I've pushed 2.10pre to
git at gitorious.org:reposurgeon/reposurgeon.git
and there's a new version of the conversion metadata at
git at gitorious.org:reposurgeon/nut-conversion.git
I'm not entirely happy with the branch link deduction, but I think
this is the best we're going to do without manual intervention to
break some harmless but spurious parent links.
The underlying problem is twofold:
(1) The repo history is cluttered with odd little single-file copies,
probably mostly generated by cvs2svn. These show up in gitk as merge
bubbles with no commits on one side.
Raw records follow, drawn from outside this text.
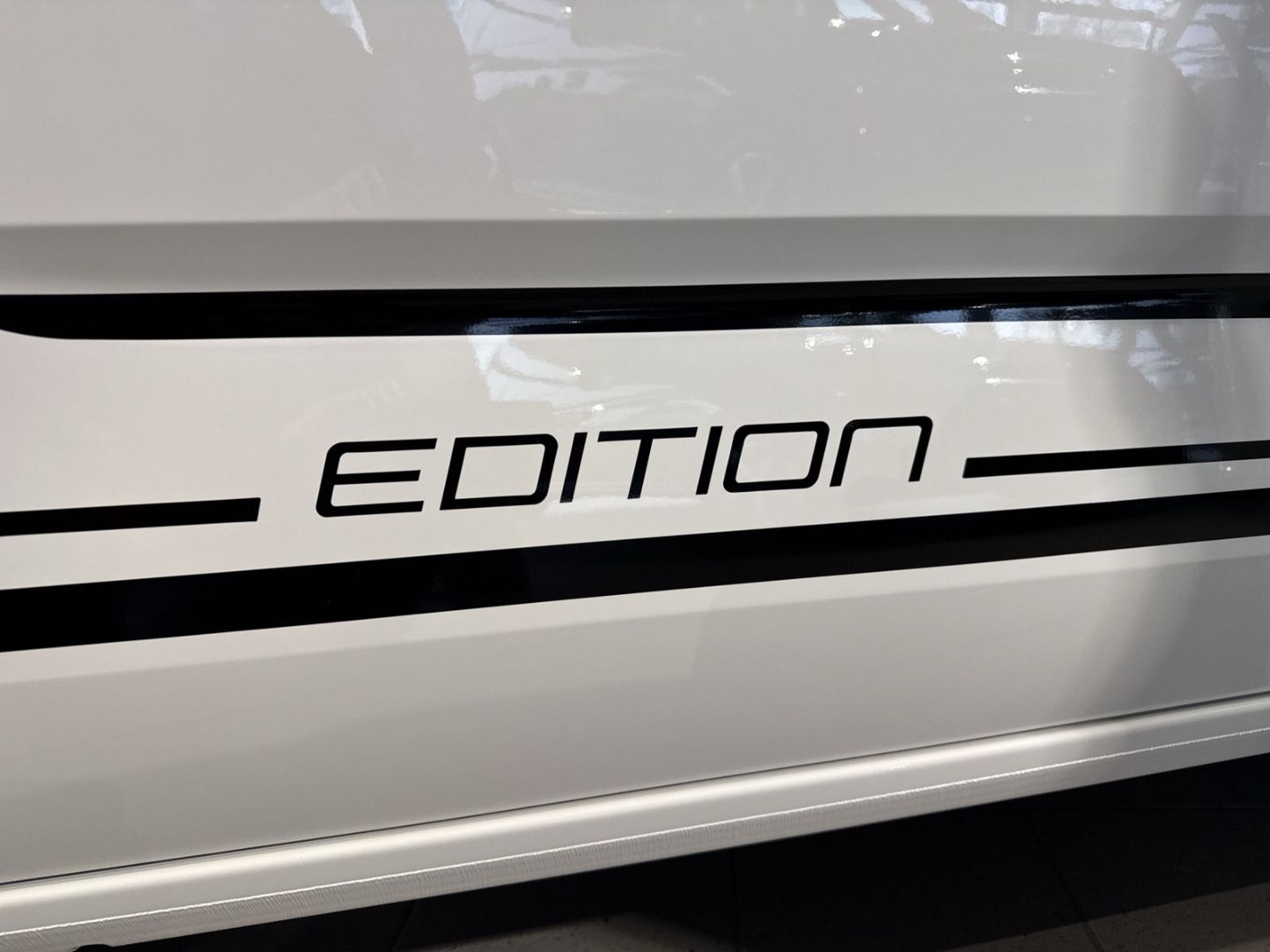 Fahrzeugabbildung Volkswagen T7 Multivan Edition 2,0 l TDI 110 kW DSG LÜ
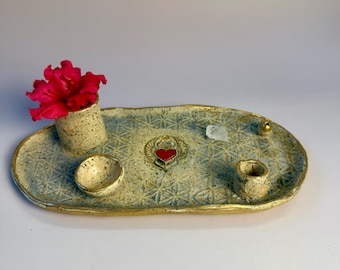 Juego de vajilla ritual Corazón de Escarabajo – Plato de altar de cerámica hecho a mano con jarrón, portavelas y cuenco, brillo dorado, estampado de la Flor de la Vida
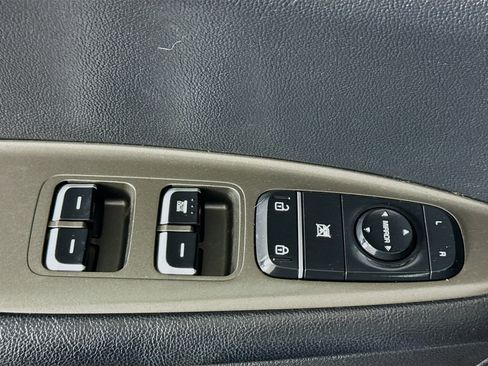 Used 2020 Kia Optima LX image 23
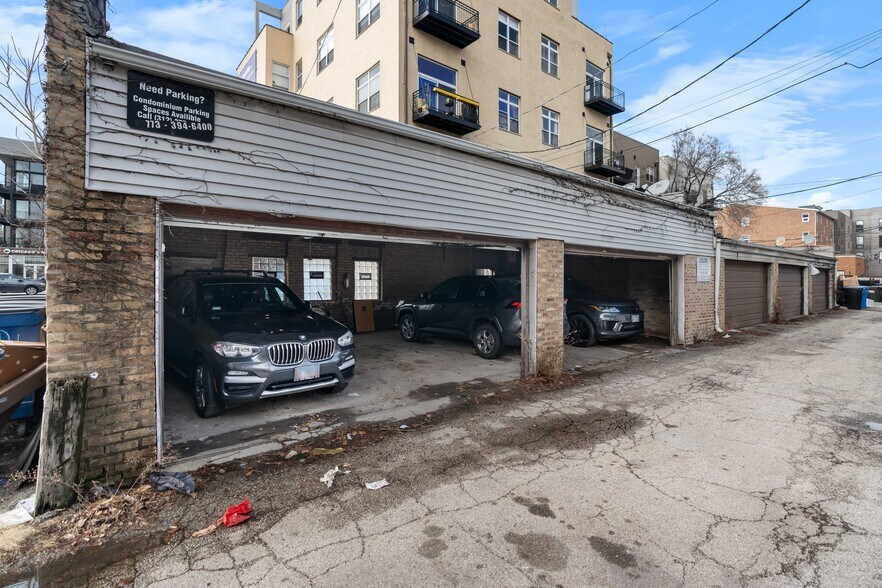 More Photos Of 1627 N Western Ave, Chicago Storefront For Lease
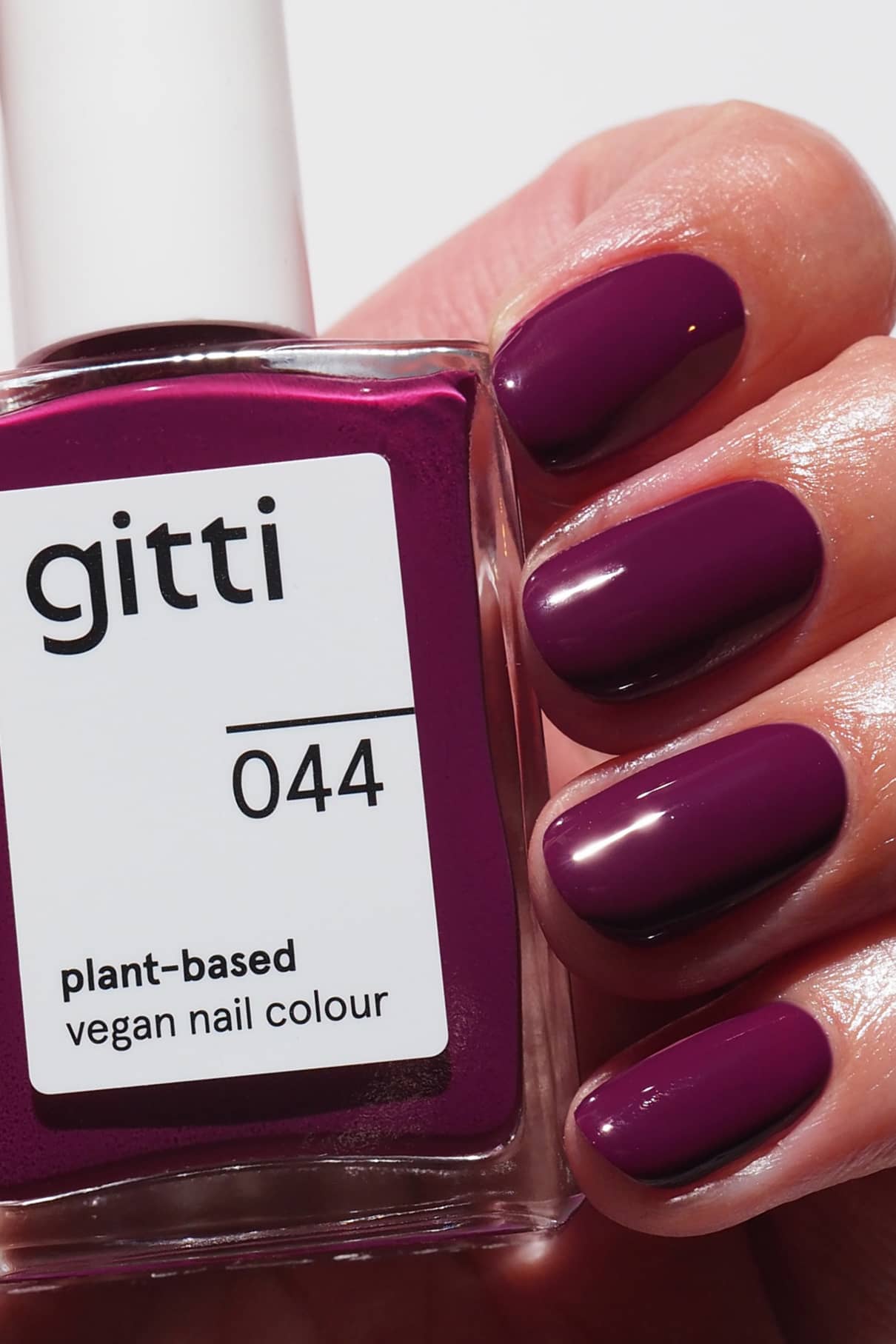gitti-no-044-plant-based-nagellack-berry-lila image 2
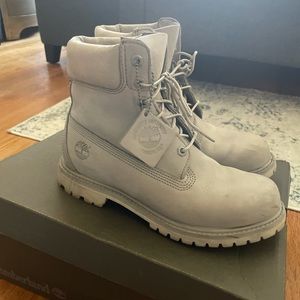 Gently worn grey Timberland women’s size 8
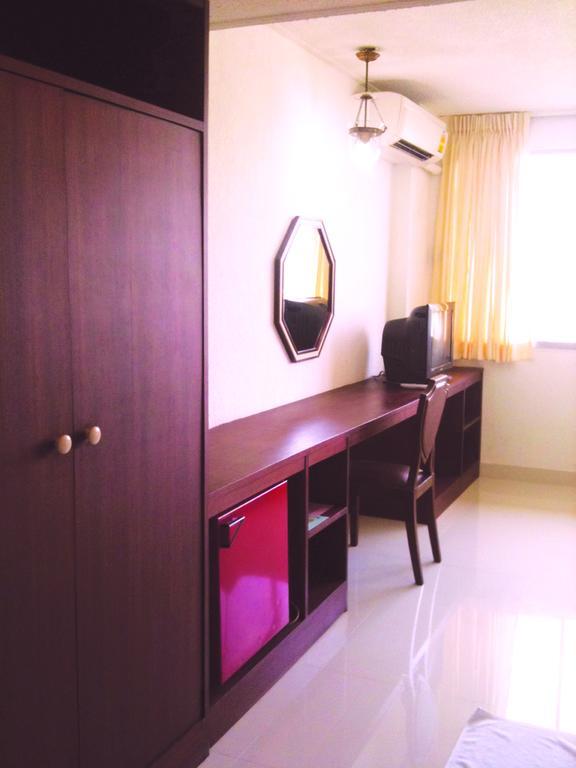 Lopburi Inn Hotel Bilik gambar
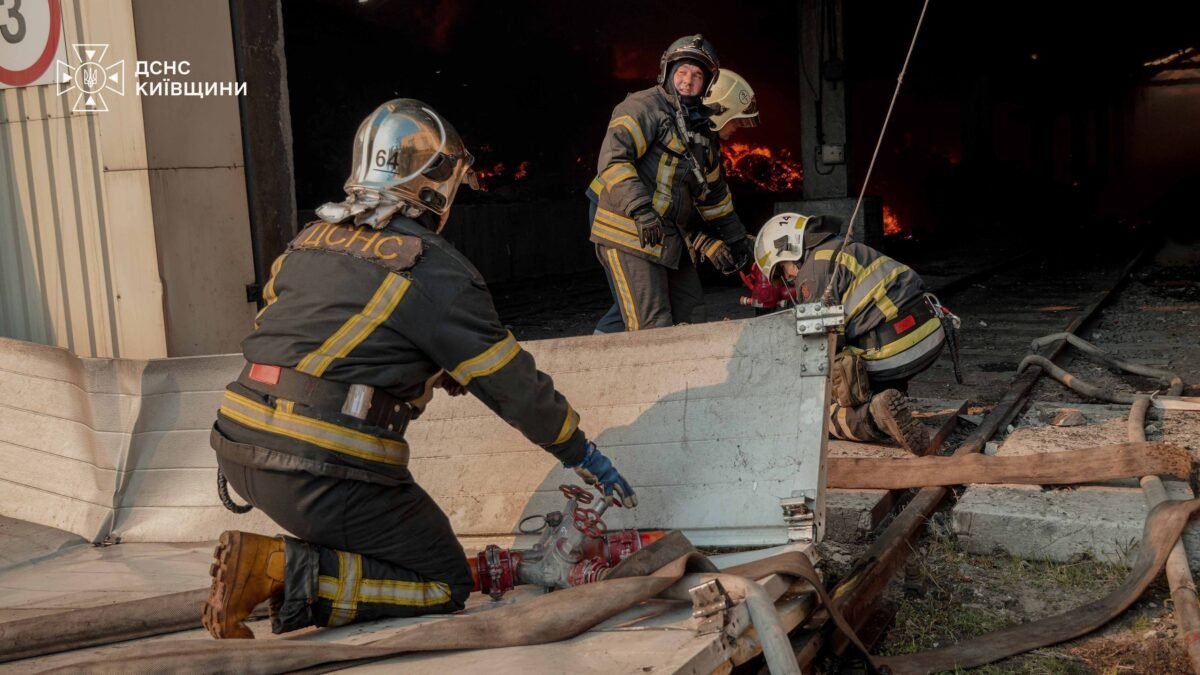 Ліквідація пожежі в Обухівському районі після ракетної атаки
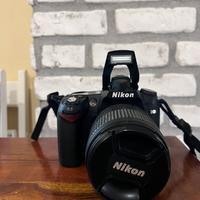 Nikon D90 con obiettivo Nikon AF-S NIKKOR 18-105mm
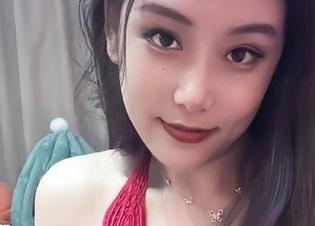 微密圈 – 全套原图，奶雯穿红色战衣果然没让我失望，色彩真好看！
The smallest such glitch looks
like this in the commit graph:
|
o
|\
| \
| o
| /
|/
o
|
(2) There are a couple of branch creations that were done wrong, as a
conventional (non-Subversion) directory copy followed by an add.
These check out OK but are missing the branch link information
perovided by a directory copy operation.
Because (1) is true, I cannot assume that every file copy implies a
branch link. Because (2) is true, I cannot only use directory copies
to impute branch structure - sometimes, I have to notice file copies
by comparing hashes and deduce that a branch creation was intended but
fumbled.
The compromise I'm using is to ignore *single* file copies in
computing branch structure - that is, if I detect more than one per
changeset I treat that changeset as a branch link. This rule pops
almost all spurious merge bubbles, but not all.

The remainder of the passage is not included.